Assessment of TILs, IDO-1, and PD-L1 in resected non-small cell lung cancer: an immunohistochemical study with clinicopathological and prognostic implications.
Mandarano M., Bellezza G., Belladonna ML., Van den Eynde BJ., Chiari R., Vannucci J., Mondanelli G., Ludovini V., Ferri I., Bianconi F., Del Sordo R., Cagini L., Albini E., Metro G., Puma F., Sidoni A.

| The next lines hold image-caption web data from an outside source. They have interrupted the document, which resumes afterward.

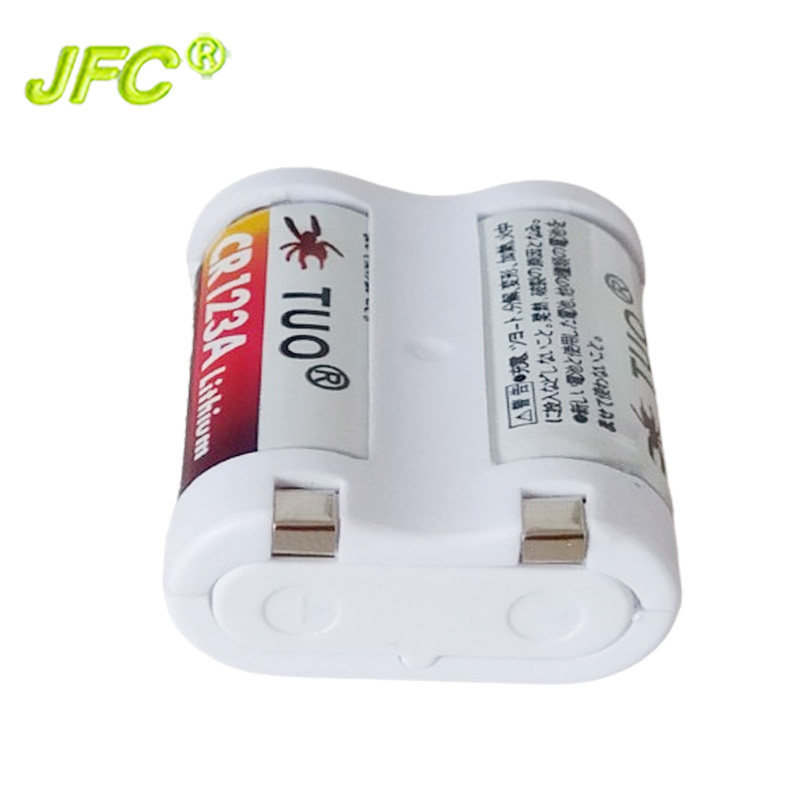 2CR5 6V 1500mAh 锂锰柱式电池组 摄像机电池 胶卷相机电池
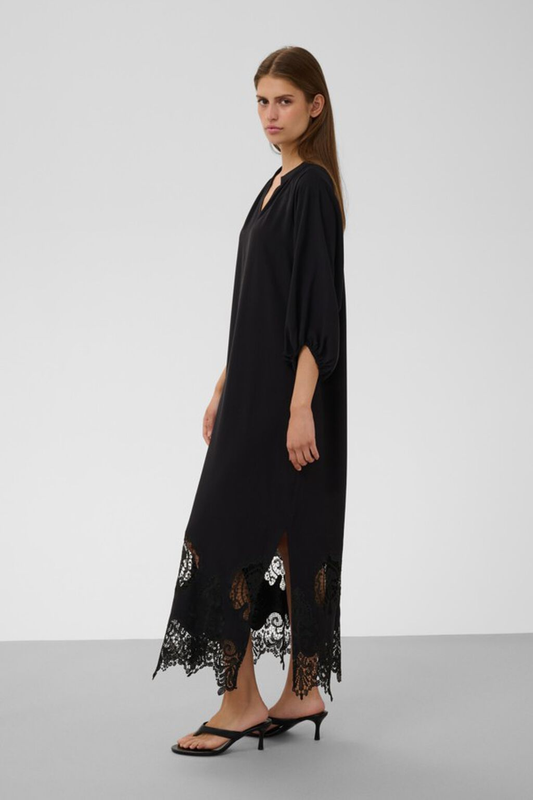 Zinaida Dress, black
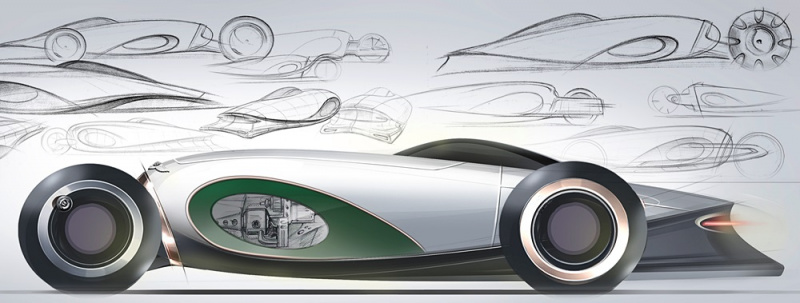 「ベントレーがイギリスの名門芸大RCAの学生達と予測した「2050年の高級車」とは？」の5枚目の画像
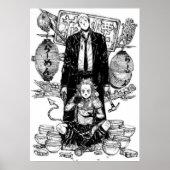 dorohedoro shin noi poster (Vorne)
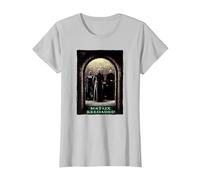 The Matrix Reloaded in The Underground Maglietta, Donna, Argento, XL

Several cancers, especially non-small cell lung cancer (NSCLC), are able to escape the immunosurveillance of tumor-infiltrating lymphocytes (TILs); among the molecules involved, the indoleamine 2,3-dioxygenase 1 (IDO-1) and the programmed cell death ligand-1 (PD-L1) play a crucial role. These aspects are of great interest in the current immunotherapeutic era, therefore the current study analyses the TILs, IDO-1, and PD-L1 interactions and their correlations with clinicopathological parameters and prognosis in NSCLC. One hundred ninety-three NSCLC surgical specimens, formalin-fixed, and paraffin-embedded were assessed for TILs density, TILs localization, IDO-1 (clone 4.16H1), and PD-L1 (clone E1L3N) immunohistochemical expressions. This data was correlated with clinicopathological parameters, disease free, and overall survivals. IDO-1 and PD-L1 high expressions were related to the solid pattern of adenocarcinomas (respectively p = 0.036 and p = 0.026); high PD-L1 expression was correlated with squamous histotype (p = 0.048). IDO-1 overexpression correlated with former smokers (p = 0.041), higher adenocarcinoma stages (p = 0.039), and with both higher TILs density and PD-L1 expression (respectively p = 0.025 and p = 0.0003). A better prognosis was associated with TILs intratumoral or mixed localizations (p = 0.029). TILs localization affects NSCLC prognosis; the higher expression of IDO-1 and PD-L1 in poorly differentiated and more aggressive lung adenocarcinomas, as well as the correlation between high PD-L1 expression and squamous cell histotype, confirm the more efficient immunoescaping of these NSCLC subgroups.